Financial Data Pipeline & Data Lake Architecture

Technical Implementation Summary

Note: This is an alternative/simplified version. For the complete technical documentation with enhanced quarantine logic (metadata enrichment, loop prevention, circuit breaker, condemned layer), see Technical Reference.


End-to-end financial data pipeline processing 100M+ transactions using a Bronze/Silver/Gold medallion architecture. Transforms raw CSV data into validated, partitioned Parquet with automated validation, enhanced quarantine logic (with loop prevention and circuit breaker), and schema evolution support.

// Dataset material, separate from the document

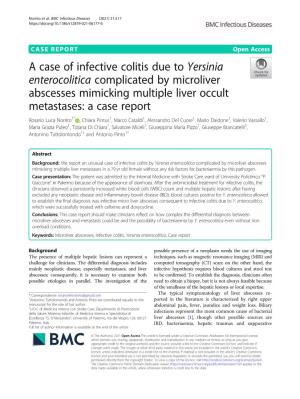 A Case of Infective Colitis Due to Yersinia Enterocolitica Complicated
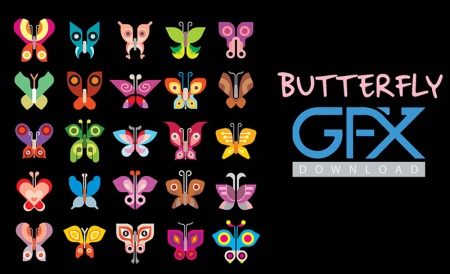 دانلود طرح لایه باز وکتور پروانه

Deployed via CI/CD with comprehensive monitoring and governance.

Architecture Context:

  • Data Ingestion: Implements Bronze → Silver transformation logic
  • Data Lake Architecture: Complete design covering all layers (Bronze/Silver/Gold + Quarantine + Condemned), including folder organization, promotion workflows, and business metric definitions
  • Analytical Query Design: Implements Silver → Gold aggregation patterns via SQL queries

Core Principle: Append-only raw layer and deterministic transformations, so curated outputs can be reproduced or recomputed for historical periods when necessary, while keeping raw inputs immutable.


System Architecture


Data Lake Structure (Medallion Architecture)

Key Path Patterns

  • Bronze: bronze/{domain}/{dataset}/ingest_date={YYYY-MM-DD}/run_id={...}/file.csv.gz
  • Silver: silver/{domain}/{dataset}/year={YYYY}/month={MM}/schema_v={vN}/run_id={...}/part-*.parquet
  • Gold: gold/{domain}/{dataset}/schema_v={vN}/run_id={...}/as_of_month={YYYY-MM}/part-*.parquet
  • Quarantine: quarantine/{domain}/{dataset}/ingest_date={YYYY-MM-DD}/run_id={...}/invalid_rows.parquet
  • Condemned: quarantine/{domain}/{dataset}/condemned/ingest_date={YYYY-MM-DD}/run_id={...}/condemned_rows.parquet

Architecture Overview: The core storage design covers all layers (Bronze/Silver/Gold + Quarantine + Condemned), including folder organization, promotion workflows, and business metric definitions. Analytical query patterns show how to aggregate Silver → Gold via SQL queries.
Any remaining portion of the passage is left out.